Поистине всенародную популярность и неувядающее признание принес Тершанскому цикл повестей под названием «Марци Какук». В этом цикле, написанном в 20 — 30-е годы, автор, ничуть не смущаясь ни жанровыми канонами века, ни фарисейскими представлениями о нравственности, создал оригинальнейший образец плутовского романа, в котором поведал о похождениях «профессионального бездельника» и «блистательного прохвоста», бродяги и жизнелюба Марци по кличке Кукушка, невольно разоблачающего ханжество «благородного» буржуазного общества.

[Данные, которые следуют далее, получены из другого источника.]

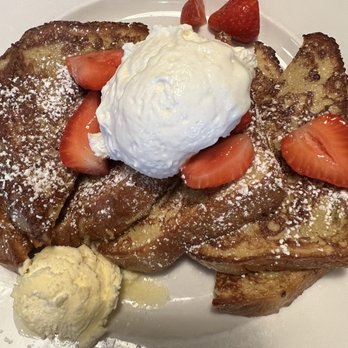 Putah Creek Cafe - French toast - Breakfast & Brunch Near Me - Winters, California Putah Creek Cafe - French toast - Breakfast & Brunch Near Me - Winters, California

С этим романом, выдержавшим в Венгрии уже полтора десятка изданий, нам, надеемся, еще предстоит познакомиться. Что касается предлагаемой читателю книги, то в нее кроме «Легенды о заячьем паприкаше» и обширной подборки, демонстрирующей мастерство Тершанского-новеллиста, включена также повесть «Приключения тележки», уже публиковавшаяся на русском языке. Несмотря на обманчивое, быть может, название, она — о трагических страницах истории, о времени, когда, по словам самого писателя, «кровь, ужасы, низменные инстинкты, позорные даже для животного, беспримерное вырождение Человеческого Духа властвовали над земным шаром». Но и здесь, повествуя о разгуле фашистского террора под занавес второй мировой войны, о том, что было им лично пережито в дни штурма Будапешта, Тершанский остается верен себе: в трагическом опыте он отыскивает зерна нелепого и смешного, доказывая, что, пока человечество сохраняет способность смеяться, дух его неистребим.